Copyright © 2022 Research Trends. All rights reserved

ABSTRACT
 
Domestic rabbits show behaviors that are sexually dimorphic with respect to motor pattern and/or hormonal responsiveness, e.g., scent-marking, mounting, and maternal nest-building. Whether these sexual dimorphisms depend on sex-typical organization of the nervous system during development or on their activation by particular hormones during adulthood, is little understood. Maternal nest-building occurs in mid- late pregnancy and involves: digging, straw-carrying, and hair-plucking. These behaviors depend on the continuous action of estradiol but their sequential timing is dictated by the presence and subsequent absence of progesterone (P). We explored nest-building in buck rabbits to determine: a) if the neural substrate controlling this behavior is defeminized across male-typical development; b) if such behavior can be used as a model to explore P actions on the male mammalian brain. Bucks castrated during adulthood and receiving estradiol benzoate (EB) + P dug significantly more than when given oil.

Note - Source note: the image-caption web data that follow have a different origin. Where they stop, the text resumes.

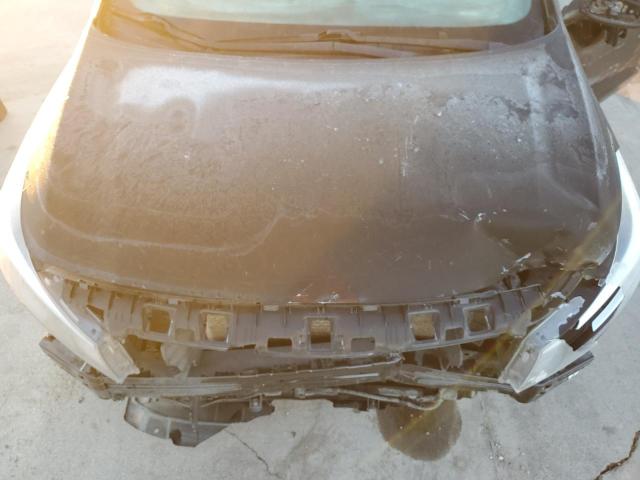 Photo 11 from auction – 2017 KIA FORTE LX with VIN 3KPFK4A7XHE065707
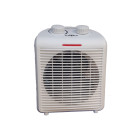 Elektriskais sildītājs - termoventilators FH-18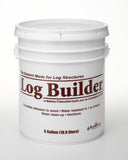Log Builder Smooth Caulk - 5 Gallon Pail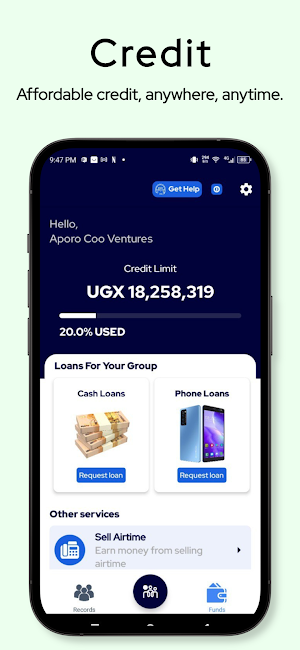 Chomoka 2.0 Screenshot 1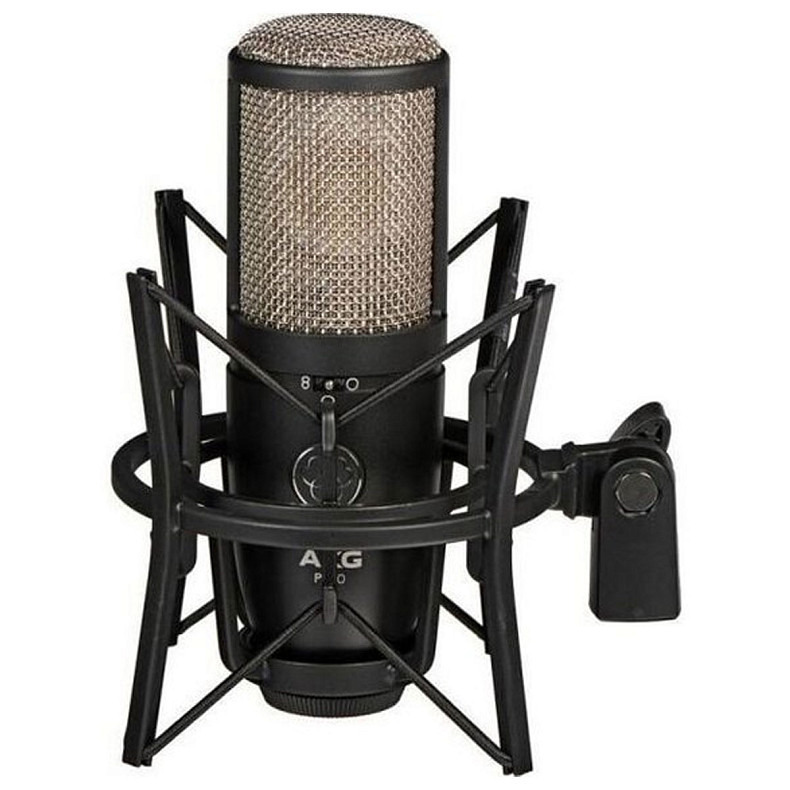 Мікрофон студійний AKG P420 3101H00430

Straw-carrying significantly increased following P withdrawal (6/17 bucks) and was not expressed under oil treatment (0/17). Hair-plucking occurred after P removal (4/17 males). Bucks castrated before puberty and given EB+P showed nest-building behaviors in the same proportion as males castrated in adulthood. Results show that some castrated bucks can express a ‘gender-atypical’ behavior, regulated by estradiol and P, thus suggesting that: a) rabbit brain sexual differentiation does not necessarily involve a suppression of responsiveness to estradiol and P; b) maternal nest-building in bucks provides a reliable model for exploring the ways by which P modulates brain functions in male mammals.